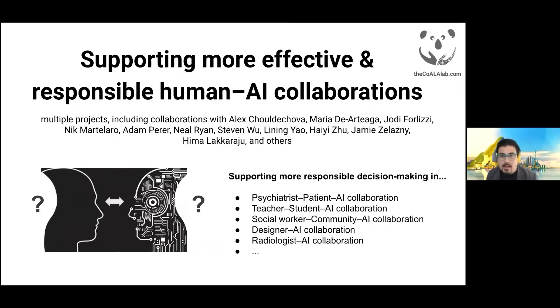A major focus area is supporting more effective and responsible human-AI collaborations. We're interested in helping humans and AI systems better assess, inform, and potentially contest or disagree with each other's decisions. To do this work, we're working across various real-world contexts where AI systems are already being used to guide really high-stakes, impactful decisions, such as the examples shown here.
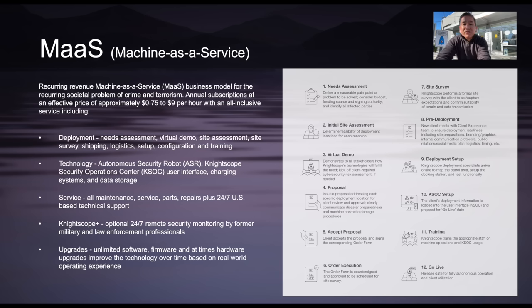We then manage all the branding, shipping, logistics, setup, configuration, and training prior to deployment certification. Number two: technology. Our subscriptions include one or more autonomous security robots, or ASRs, as we call them, that feed their information into the Nightscope Security Operation Center user interface, or KSOC. This also includes autonomous charging systems known as docking stations, and cellular service for data transfer as well as data storage.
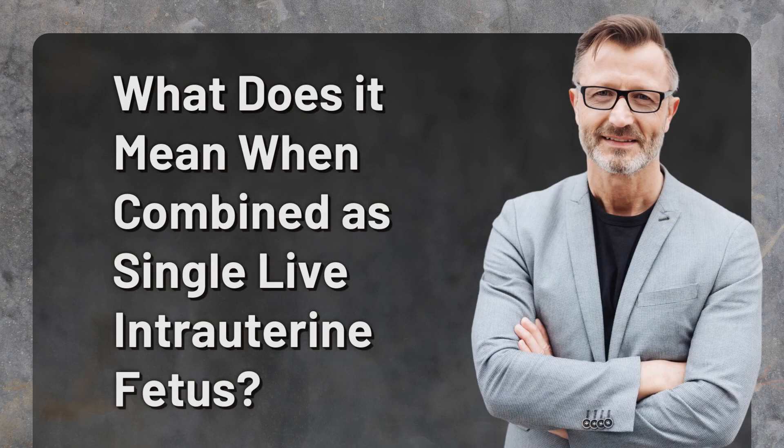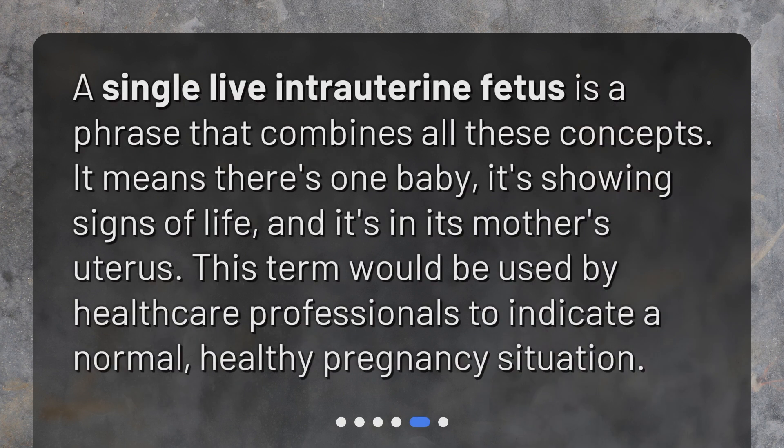What does it mean when combined as single live intrauterine fetus? A single live intrauterine fetus is a phrase that combines all these concepts. It means there's one baby, it's showing signs of life, and it's in its mother's uterus. This term would be used by healthcare professionals to indicate a normal, healthy pregnancy situation.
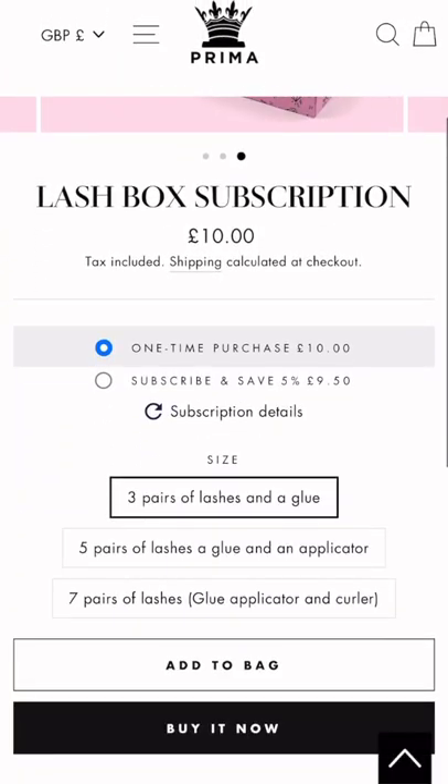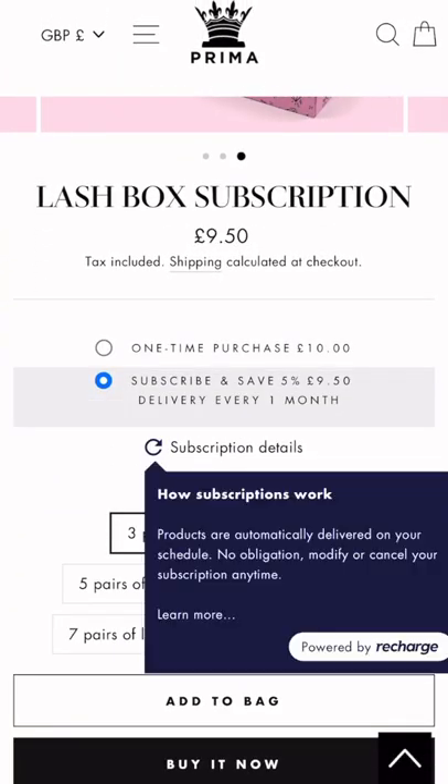For this strategy to work, you need to be offering products that are good on subscription-based models. These products can be things like beauty products or skincare. What you want to do is prompt your customers into going with the subscription-based model instead of the one-time purchase.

EXERCISE DETAILS - Repeat the listing above from its first line through the line that contains "What does it", both included, and nothing more. Drop the pictures.

YOUR SOLUTION -
A major focus area is supporting more effective and responsible human-AI collaborations. We're interested in helping humans and AI systems better assess, inform, and potentially contest or disagree with each other's decisions. To do this work, we're working across various real-world contexts where AI systems are already being used to guide really high-stakes, impactful decisions, such as the examples shown here.
We then manage all the branding, shipping, logistics, setup, configuration, and training prior to deployment certification. Number two: technology. Our subscriptions include one or more autonomous security robots, or ASRs, as we call them, that feed their information into the Nightscope Security Operation Center user interface, or KSOC. This also includes autonomous charging systems known as docking stations, and cellular service for data transfer as well as data storage.
What does it mean when combined as single live intrauterine fetus? A single live intrauterine fetus is a phrase that combines all these concepts. It means there's one baby, it's showing signs of life, and it's in its mother's uterus. This term would be used by healthcare professionals to indicate a normal, healthy pregnancy situation.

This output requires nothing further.